JPYC Subscription Serviceの概要
このサービスは、JPYCを用いたサブスクリプション機能を、事業者向けにAPIベースで提供します。国際的な基準に則った「EIP-2612 Permit」方式を採用することで、オフチェーン署名が可能となり、ユーザーが手軽に継続課金を設定できる環境を整えました。これにより、ガス代や複雑なオンチェーン操作を最小限に抑え、利便性と安全性の向上を図っています。
主な特徴
- - ガスレスな継続課金体験:ユーザーは自分のウォレットから簡単に署名することで、JPYCでの継続課金を設定できます。これにより、従来のWeb2のサービスに近い使いやすさを実現。
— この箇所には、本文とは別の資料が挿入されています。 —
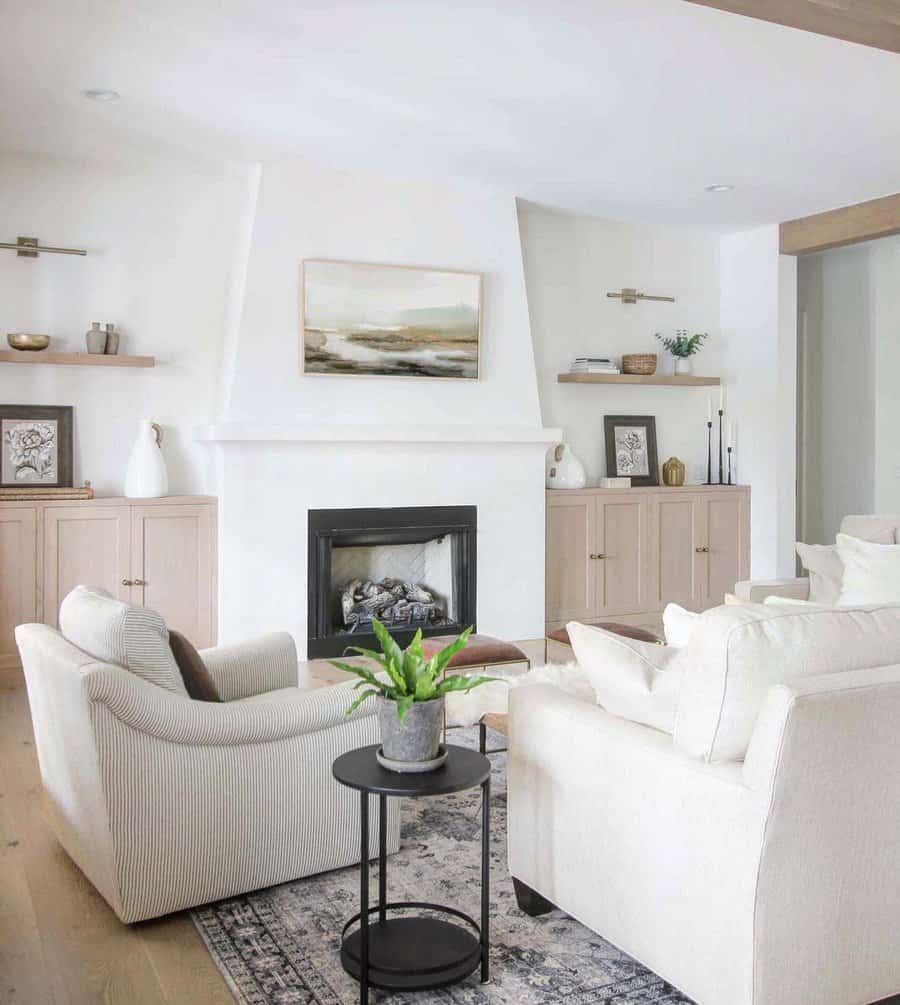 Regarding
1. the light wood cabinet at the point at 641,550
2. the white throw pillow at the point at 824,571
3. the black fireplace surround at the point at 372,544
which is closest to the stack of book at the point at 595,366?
the light wood cabinet at the point at 641,550

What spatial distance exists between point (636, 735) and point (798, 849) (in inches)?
16.5

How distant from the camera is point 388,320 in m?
6.03

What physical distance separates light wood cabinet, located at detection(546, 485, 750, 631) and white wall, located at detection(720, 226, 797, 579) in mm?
164

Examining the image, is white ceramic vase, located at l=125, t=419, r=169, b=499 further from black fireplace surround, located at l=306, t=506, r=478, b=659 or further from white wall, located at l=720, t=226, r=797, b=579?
white wall, located at l=720, t=226, r=797, b=579

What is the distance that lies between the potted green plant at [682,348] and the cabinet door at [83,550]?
3832 mm

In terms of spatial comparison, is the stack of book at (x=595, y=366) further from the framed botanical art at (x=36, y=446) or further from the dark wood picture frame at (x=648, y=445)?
the framed botanical art at (x=36, y=446)

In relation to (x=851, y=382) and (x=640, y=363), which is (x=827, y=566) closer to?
(x=640, y=363)

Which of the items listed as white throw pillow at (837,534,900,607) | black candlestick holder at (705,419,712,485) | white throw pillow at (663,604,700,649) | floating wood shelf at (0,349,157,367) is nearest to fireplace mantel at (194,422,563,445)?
floating wood shelf at (0,349,157,367)

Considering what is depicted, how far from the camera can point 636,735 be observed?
2268 millimetres

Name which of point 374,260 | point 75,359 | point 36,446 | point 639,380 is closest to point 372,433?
point 374,260

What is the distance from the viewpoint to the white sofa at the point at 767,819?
1.94 m

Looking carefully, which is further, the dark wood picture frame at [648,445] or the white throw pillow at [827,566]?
the dark wood picture frame at [648,445]

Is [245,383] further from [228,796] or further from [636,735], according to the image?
[636,735]

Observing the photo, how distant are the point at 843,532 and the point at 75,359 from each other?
388 cm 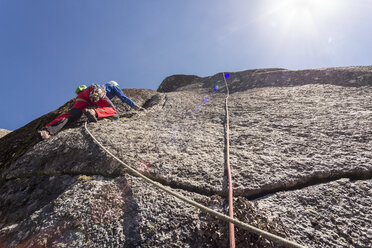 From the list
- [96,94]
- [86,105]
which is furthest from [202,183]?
[86,105]

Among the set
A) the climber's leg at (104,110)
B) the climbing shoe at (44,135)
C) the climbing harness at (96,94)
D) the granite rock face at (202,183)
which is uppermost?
the climbing harness at (96,94)

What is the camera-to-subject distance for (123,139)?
2.99m

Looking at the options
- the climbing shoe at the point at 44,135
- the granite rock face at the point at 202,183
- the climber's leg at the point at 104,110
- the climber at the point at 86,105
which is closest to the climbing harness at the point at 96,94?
the climber at the point at 86,105

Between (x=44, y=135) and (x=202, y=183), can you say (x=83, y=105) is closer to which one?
(x=44, y=135)

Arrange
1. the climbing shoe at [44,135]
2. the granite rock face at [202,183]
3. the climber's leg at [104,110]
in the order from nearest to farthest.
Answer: the granite rock face at [202,183], the climbing shoe at [44,135], the climber's leg at [104,110]

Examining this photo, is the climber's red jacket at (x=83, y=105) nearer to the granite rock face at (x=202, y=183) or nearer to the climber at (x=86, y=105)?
the climber at (x=86, y=105)

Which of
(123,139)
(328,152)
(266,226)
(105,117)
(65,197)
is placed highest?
(105,117)

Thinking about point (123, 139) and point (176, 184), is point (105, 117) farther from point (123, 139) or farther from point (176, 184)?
point (176, 184)

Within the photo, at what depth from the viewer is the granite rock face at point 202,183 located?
1.45m

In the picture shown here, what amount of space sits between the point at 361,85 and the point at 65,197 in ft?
20.8

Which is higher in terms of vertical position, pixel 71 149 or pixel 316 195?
pixel 71 149

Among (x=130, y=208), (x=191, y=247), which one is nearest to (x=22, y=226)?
(x=130, y=208)

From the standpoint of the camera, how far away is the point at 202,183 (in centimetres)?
198

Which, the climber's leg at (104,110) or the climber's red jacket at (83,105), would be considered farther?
the climber's red jacket at (83,105)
- - API・SDKによる柔軟な統合:Checkout SDKやSubscription APIなど、さまざまな機能を事業者が独自に選択し、組み込むことが可能です。クリエイターコミュニティやメンバーシップサービスなど、多様な分野での利用が期待されます。
法規制への対応
JPYC Subscription Serviceの設計では、日本国内の様々な法規制に対応することを重視しています。特に、改正資金決済法などに則り、ユーザーウォレットから導入事業者ウォレットへの直接送金を前提とする「パススルー型」アーキテクチャを採用。これにより、サービス提供者がユーザーの資産を保管しない安全な環境を実現します。株式会社は、弁護士との連携を進め、法令遵守を徹底することで、適切な運営体制を築いていきます。
今後の展望
今後、クローズドベータの提供やCheckout SDKの公開、マルチチェーン対応などを段階的に進めていく予定です。これにより、日本円ステーブルコインの利用が進む中、革新的な決済インフラの構築を目指します。
代表者のコメント
代表取締役の三桐睦夫氏は、「誰もが自然に使える決済サービスを提供し、Web3の実現に寄与したい」と述べています。また、専門知識がなくても利用できる環境を作ることで、デジタルサービスやクリエイターエコノミーの新しい可能性を広げることが目標です。